Our methodology precluded any conclusion as to whether the eye-motion input to this function is derived from optomotor sources or from analysis of the motion of the fixation cross or other inadvertent world-frame features on the retina. The combined results might be taken to suggest that the eye-motion input to the motion percept is, in fact, also retinally derived.

The experiments are sufficiently different that this conclusion should be taken, at best, tentatively. In some species, it has been suggested that the analysis of relative motion may begin in retinal ganglion cells Olveczky et al. Recordings from salamander and rabbit retinas showed a suppression of motion responses in ganglion cells unless the surround motion was different from the center motion. While this enhances relative motion over full-field motion, by itself it is not sufficient to produce our eye motion contingent percepts.

Although the stimulus motions we use are quite small, they are well above typical minimum motion thresholds McKee et al. Hence, the perception of relative stability for targets moving in directions opposite eye drift is likely the result of a neuronal mechanism for eye movement compensation rather than being a near-threshold artifact. The results of the experiment raise the question about the neuronal mechanisms that implement the observed behavior.

One such mechanism might involve a selective inhibition of motion mechanisms, analogous to the motion threshold increase proposed by Murakami but with selectivity for the moment-to-moment direction of overall retinal slip. A more sophisticated mechanism might involve an active stabilization of the targets based on individual motion estimates for each stimulus pattern.

A behavioral computational model of the latter kind of mechanism is provided in Appendix 2. While there are several long-standing neuronal models consistent to various degrees with the proposed model, we are not aware of any neuroanatomical or neurophysiological evidence supporting any particular circuitry or architecture.
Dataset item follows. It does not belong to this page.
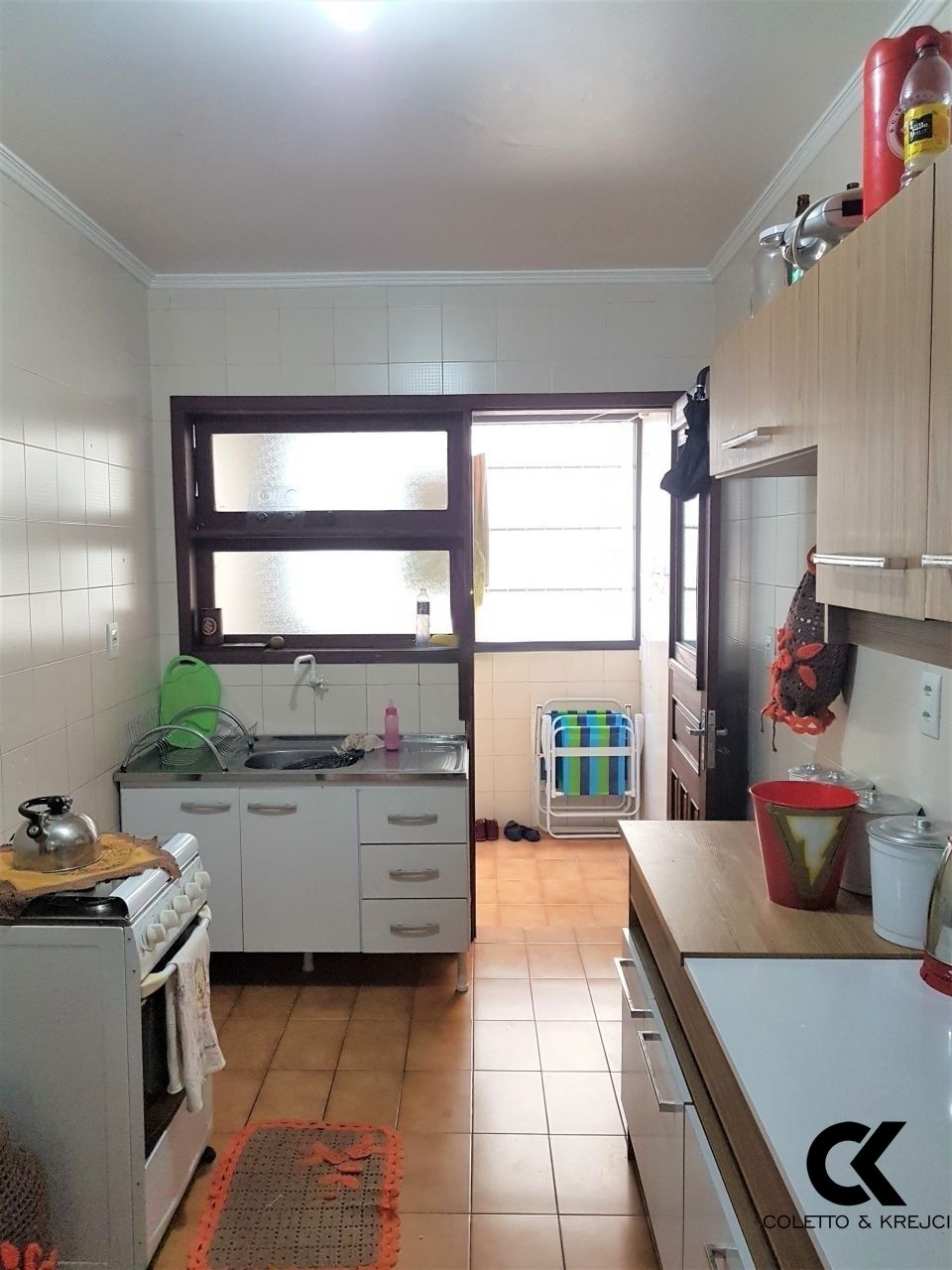 Apartamento à venda com 2 quartos, 65m² - Foto 3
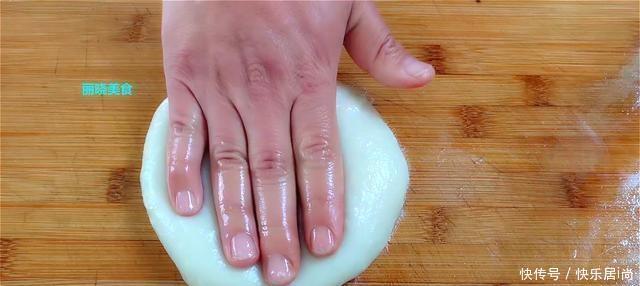 开胃|糯米粉新吃法,不揉面,简单擀,糯米香甜咬一口,超级开胃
In summary, several surprising results and implications have arisen from these experiments. Apparently, perceptual stabilization is a subtle function of the moment-by-moment direction of the eye's inadvertent drifts in combination with the actual motion of a pattern on the retina.

Motions of an image on the retina that lie approximately in the direction opposite eye motion are perceptually stabilized, despite differences in the speed of that motion on the retina. As the motion of the image on the retina diverges from the direction that would be produced by eye motion, the percept of motion becomes increasingly veridical.